Rezension

Ein wunderschöner Schreibstil

Die Nachmittagskinder - Helga Beyersdörfer

Die Nachmittagskinder
von Helga Beyersdörfer

Bewertet mit 5 Sternen

Inhalt:
Es ist ein Haus, wie es überall stehen könnte. In ihm wohnen Menschen, wie sie überall wohnen könnten. Doch hier soll ein Blick hineingeworfen werden und etwas über die Menschen und das Haus erzählt werden. Wie sie leben, was sie machen und wie durch eine zunächst geschäftliche Idee eine Hausgemeinschaft entsteht, in die jeder seine kleinen Ängste und Sorgen einbringt. Zusammengeführt von einem störrischen Mädchen auf dem Weg zum Erwachsen werden.

Meine Meinung:
Ich bekam dieses Buch unverhofft, denn sonst hätte ich ihm wohl nie einen zweiten Blick gegönnt. Einfach, weil der Inhalt nicht in die von mir bevorzugten Genres fällt. Nun lag es aber hier und schaute mich mit seinem schlichten und doch so interessanten Cover an und natürlich nahm ich es in die Hand.

Zunächst einmal muss ich über den - für mich - ungewöhnlichen Schreibstil der Autorin sprechen.

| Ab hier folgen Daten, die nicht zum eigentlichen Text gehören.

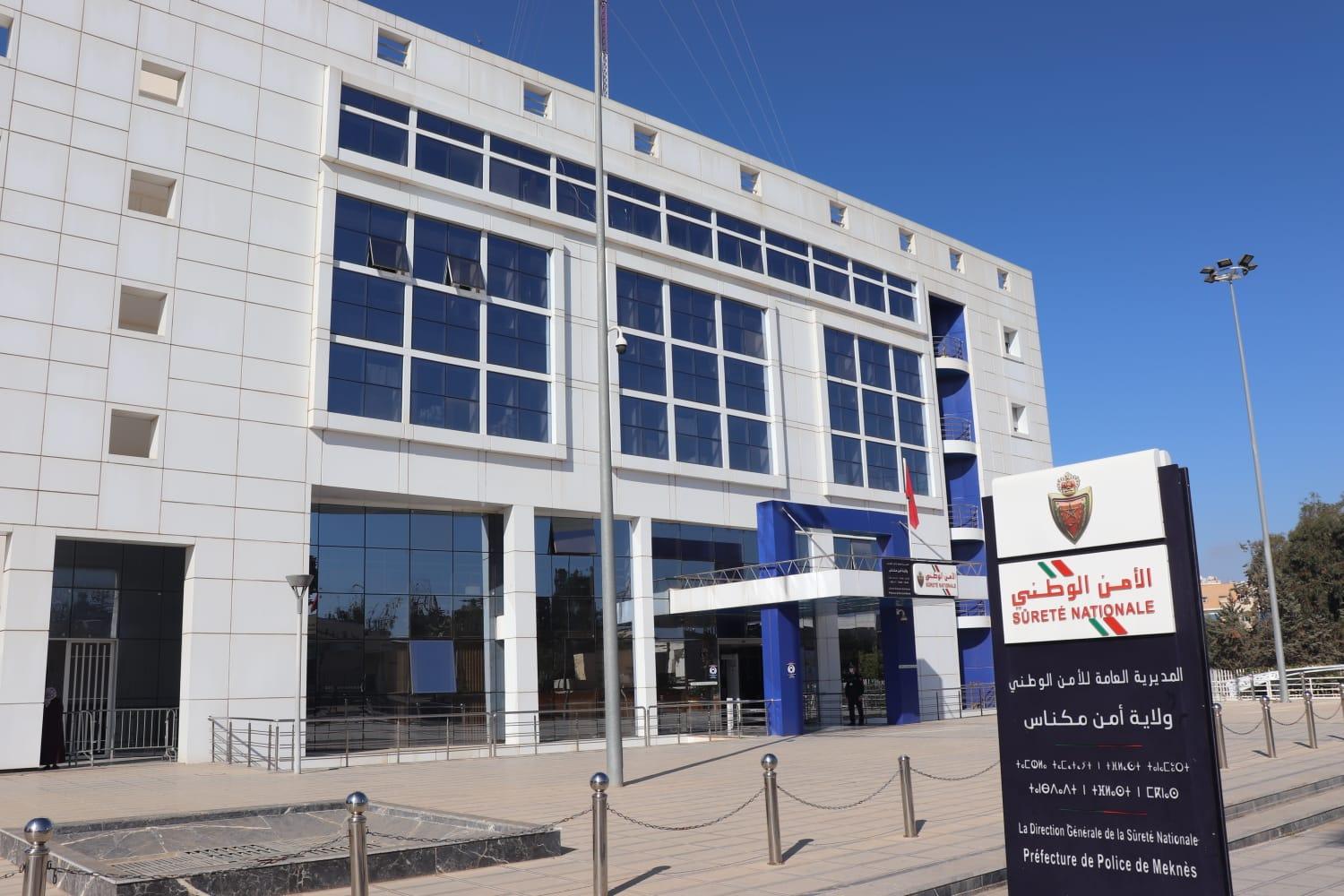 أمن مكناس يحيد الخطر الصادر عن مختل عقلي اقتحم المنطقة الأمنية الأولى حاملا سكين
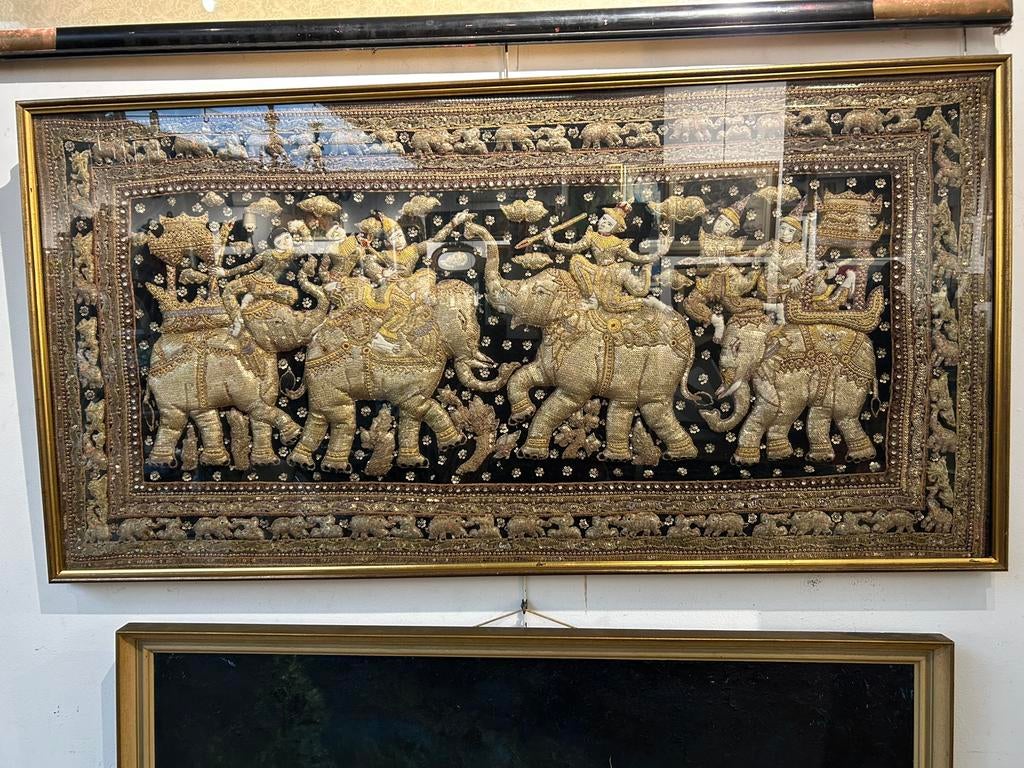 Mooi ingelijste (breed 157cm) Birmaanse kalaga (wandtappijt), Antiek en Kunst, Ophalen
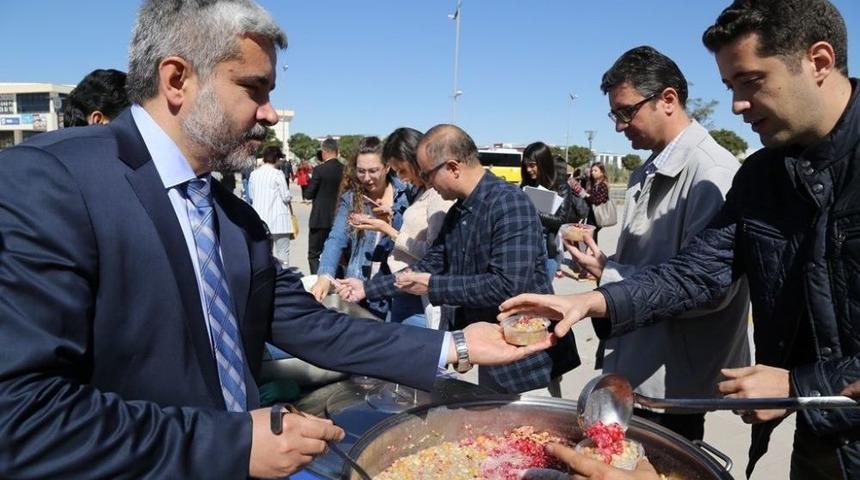 As&uuml; &Ouml;ğrencilere Aşure İkram Etti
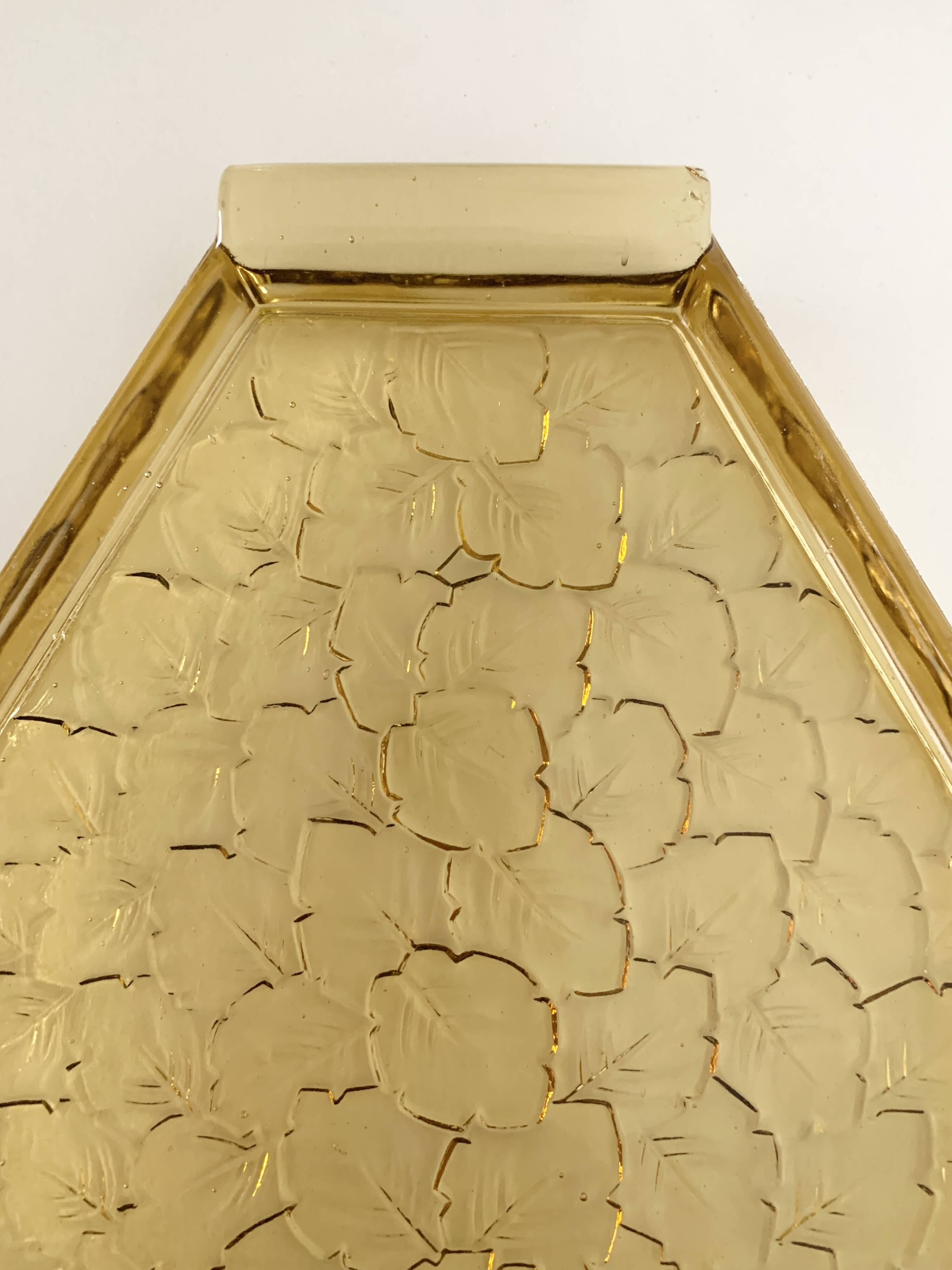 Art Deco glass moulded plateau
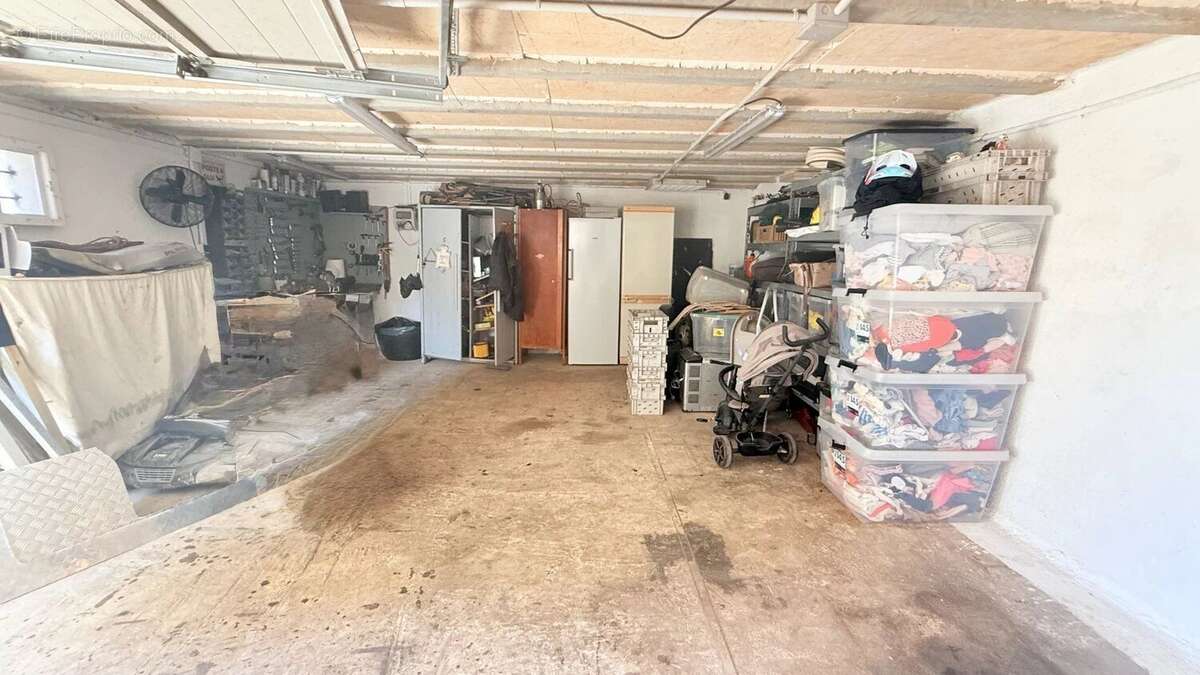 Maison à POURRIERES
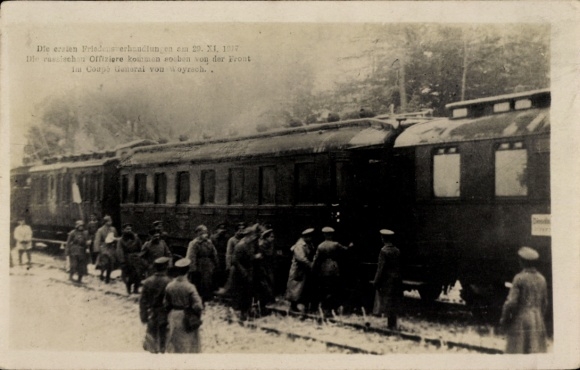 Ak Russische Offiziere kommen soeben von der Front, Eisenbahn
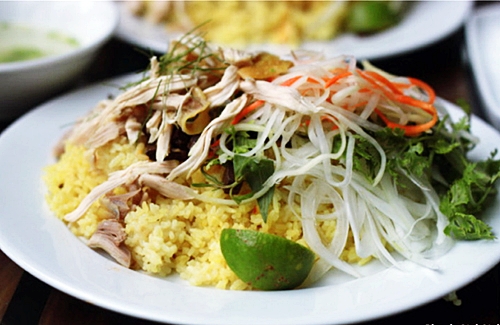 Cơm gà – Đặc sản Hội An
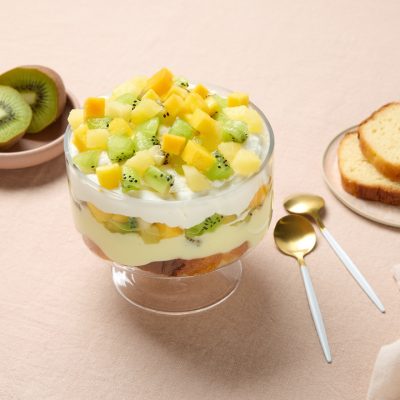 Recette : <i>Trifle</i> aux fruits exotiques et sa crème montée à la <i>vanille</i> - Doolittle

Sie formuliert lange Sätze mit Wörtern, die mir so nie in den Sinn gekommen wären und macht es damit irgendwie zu etwas Besonderem. Ich möchte mal ein Beispiel geben:

"Am frühen Abend desselben Tages ärgert sich die neue Mieterin der zweiten Etage rechts beim Nachhausekommen über allerlei Krimskrams, der, in Kisten und Körben verpackt, vor der gegenüberliegenden Wohnung steht und das Treppenhaus verschandelt. Das geht ja gut los, denkt die neue Mieterin, man stelle sich nur vor, man bekäme Besuch und der fände einen solchen Saustall vor, sie wird einschreiten müssen, wenn dieses Zeug nicht baldigst entfernt wird."

Ein schöner Stil, oder nicht? Macht es allerdings auch unmöglich, ihn in meinem normalen Tempo zu lesen, man muss schon hier und da mal innehalten und auch das schöne an diesen Sätzen genießen.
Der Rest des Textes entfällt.